Se dal versante figlio/a si tratta di uno slancio in avanti, un catapultarsi verso prospettive future nel tentativo di costruire il proprio avvenire, ecco che dalla parte dei genitori la separazione è meno piacevole: un cambio radicale delle abitudini, la revisione immediata degli spazi ed degli orari, il riequilibrio dell’asseto familiare e, soprattutto, una profonda sensazione di smarrimento non sono che alcuni dei sintomi manifestati da taluni; in certi casi, la situazione è talmente acuta da richiedere l’intervento di un sostengo esterno. Di un empty nest coach, per l’esattezza.
Negli Stati Uniti l’idea di affidarsi alle mani esperte di una persona competente e disposta ad accompagnare adulti feriti dalla “perdita” della prole in una nuova fase è infatti sempre più in voga. Senza tale ausilio, alcune situazioni familiari sembrano addirittura vacillare, come in preda ad una crisi identitaria proprio perché fino a quel momento molti adulti hanno vissuto in funzione dei propri figli e della loro crescita e, di un tratto, viene chiesto loro di resettare ogni conoscenza ed esperienza sino ad allora collezionata in nome di un passaggio che si presenta come tutto tranne che lineare.
Il punto è che il cambiamento non investe solo i giovani neouniversitari ma ricade anche sull’ambiente che li ha sostenuti fino ad allora, ed i coach lo sanno perfettamente: James Ramsden, impegnato nel seguire vari clienti da remoto nonché autore del canale TikTok “The Empty Nest Coach”, descrive questo fenomeno alla stregua di “essere licenziati da un lavoro avuto per 18 anni”.
Più i familiari sono implicati nella vita dei figli, più la separazione è stressante. Ogni legame, tuttavia, porta con sé la propria storia e di conseguenza deve sviluppare un modo unico ed autonomo nel gestire il dolore relativo a tale esperienza.
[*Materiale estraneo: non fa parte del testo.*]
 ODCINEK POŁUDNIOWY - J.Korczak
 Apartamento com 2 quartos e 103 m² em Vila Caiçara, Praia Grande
La coach Natalie Caine rivela di essersi imbattuta in varie persone che le hanno domandato con assoluta incredulità “Anche gli altri genitori si sentono così?”, come se quella condizione fosse un’incomprensibile “punizione” di epica portata. Ma bisogna soffrire, o meglio, si deve passare attraverso un percorso arduo per arrivare ad una sentita riconciliazione con se stessi. I coach entrano dunque in gioco in questo determinato istante: quando ad una prospettiva di smarrimento, subentra invece l’identificazione di una via.
Gruppi di auto aiuto, podcast, la frequentazione di corsi, viaggiare e perfino le chiamate terapeutiche su Zoom sono un ottimo punto di partenza al costo di 100$-250$ l’ora.
Non tutte le storie però sono demarcate da questa sorta di dipendenza e passività nei confronti degli empty nest coach: Christine Oakfield, residente appena fuori Philadelphia, si è vista volare via la figlia in Virginia e ha dovuto in un primo momento ricorrere a gruppi di aiuto, alla lettura di blog che trattavano il tema in questione, fino all’ascolto di podcast. Questi ultimi si sono tuttavia rivelati la strategia ideale per favorire il suo processo di guarigione e sono stati anche l’inizio di un’intuizione geniale: “Perché non farne uno anch’io?”, si è detta. E così ha aperto “Your Empty Nest Coach” raggiungendo oltre 125,000 downloads.
Oggi Oakfield riceve migliaia di email ogni giorno da parte di persone grate di avere il suo supporto da remoto.